Os corpos de que ele fala são os de Heraldo (Iago Xavier), um jovem mal entrado na casa dos 20 anos, e o de Dayana (Nataly Rocha), mulher que já viveu mais do que ele. Ele está em fuga. Ela está presa em um casamento em que falta amor e sobra violência.

 


Estas personagens à deriva se encontram no Motel Destino, localizado na região costeira do Ceará. O proprietário é Elias (Fábio Assunção), também o marido de Dayana. Ela passa seus dias arrumando, apressadamente, alcovas que recebem casais, trisais, surubas.

 


Voyeurismo

Há câmeras por toda parte, exceto nos quartos. Mas isto não impede que Elias observe (o leitor pode bem imaginar para quais intenções), do corredor que faz a ligação entre o empreendimento, o que se passa lá dentro.

 


Heraldo, após uma noite em um dos quartos, se vê envolvido numa trama de vida e morte. Sem dinheiro e com capangas em seu encalço, encontra porto seguro justamente no motel. Começa a fazer pequenos trabalhos, ganhando a simpatia de Elias. A atração por Dayane (e vice-versa) é imediata.

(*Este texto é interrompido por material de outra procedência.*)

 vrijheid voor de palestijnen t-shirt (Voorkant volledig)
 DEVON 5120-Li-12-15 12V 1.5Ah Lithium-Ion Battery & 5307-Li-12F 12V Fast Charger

Em um ambiente que exala sexo e no qual os gemidos são a única trilha sonora possível, os encontros furtivos vão se multiplicando.

 


“Motel Destino” marca o retorno de Aïnouz ao Ceará natal depois de uma década – seu último longa rodado “em casa” foi “Praia do Futuro” (2014). “Vi ‘O céu de Suely’ (2006) outro dia e também ‘Praia do Futuro’. Falei: ‘Gente, por que não fiz esses filmes com cearenses? Neste, fiquei com vontade de fazer um filme só com atores cearenses, tudo local”, ele diz. Assunção é a única exceção, precisamente porque o personagem é um forasteiro.

 


Teste de elenco

Grande parte da equipe veio do Laboratório de Cinema da Porto Iracema das Artes, concebido por Aïnouz, Marcelo Gomes e Sérgio Machado em Fortaleza, em 2013. O roteirista principal, Wislan Esmeraldo, fez parte da segunda turma da escola. Seiscentos atores foram testados para o elenco.

 


Nataly tem uma trajetória no teatro, atuando também como pesquisadora e preparadora de elenco, já participou de uma dezena de longas e de outros tantos curtas. Iago é estreante em cinema.

 


“Vi nos testes do Iago um potencial grande. Além disso, ele é um corpo que eu sentia falta de ver no cinema brasileiro, uma mistura de africano com povos originários. A Nataly é mais cearense, com a mistura de povo originário com branco. Era importante que tivesse uma diferença entre eles, mas que de alguma maneira eles se encontrassem em algum lugar de afeto. Na verdade, eles são o retrato do Ceará. Não só eles, mas o resto do elenco, que forma uma geografia humana muito específica daquele lugar do Brasil”, afirma o diretor.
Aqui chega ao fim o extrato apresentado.